Eliminating waste starts in the kitchen, says Green School SA ahead of Zero Waste week in South Africa; the children even got to take part in sharing how it is done.
Paarl, South Africa (02 September 2022) – In support of the annual, global Zero Waste Week campaign, which runs from 5 – 9 September, Green School South Africa will be sharing its successes in eliminating waste and innovative solutions to reduce and recycle waste at schools, businesses, households and the environment.
Green School South Africa is a ‘zero-waste-to-landfill’ school situated in the Drakenstein Valley in Paarl in the Western Cape, and has become an inspirational model for scores of other public and private schools. It has created a true circular food economy that works, from which Green School South Africa children can contribute to and learn from, on a daily basis.

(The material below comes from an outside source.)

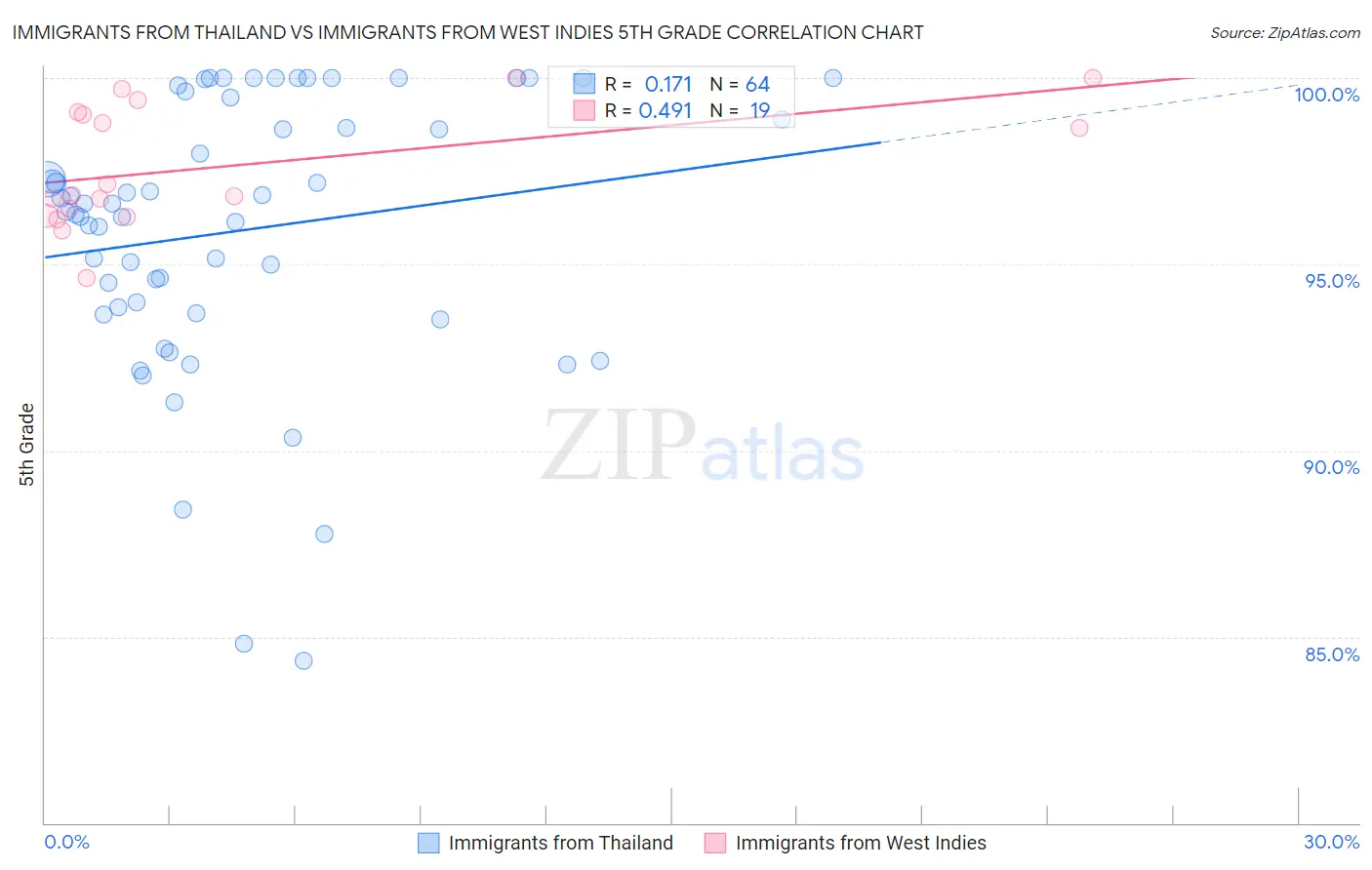 Immigrants from Thailand vs Immigrants from West Indies 5th Grade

During Zero Waste Week, the school will be sharing the successes experienced in the operation of its school kitchen, as well as creative ways of problem-solving and coming up with innovative solutions to the many challenges they have faced.
“Our biggest success so far is how our kitchen operates; from our menu planning, to what we buy, how it is delivered, served, sold, collected, sorted for recycling or composted,” says Madelein Roets, Head of Food. The key motivation behind this – and one of the school’s founding principles – is eliminating food waste.
It is estimated that in South Africa, 10 million tonnes of food ends up in landfills. According to the Worldwide Fund For Nature (WWF), fruits, vegetables and cereals account for 70% of the wastage and loss primarily throughout the food supply chain – from farm to fork. Green School South Africa has significantly reduced the distance between the farm and its kitchen where both organic food waste and food packaging like egg boxes, are ploughed back as compost. Fresh produce from the school garden supplies the kitchen, while organic waste is composted on site in a Bokashi Bin, in turn nourishing the garden soil to produce more organic food. This generates a closed circulatory system that reuses, recycles and regenerates. The visibility of this regenerative cycle is in turn incorporated into the school curriculum.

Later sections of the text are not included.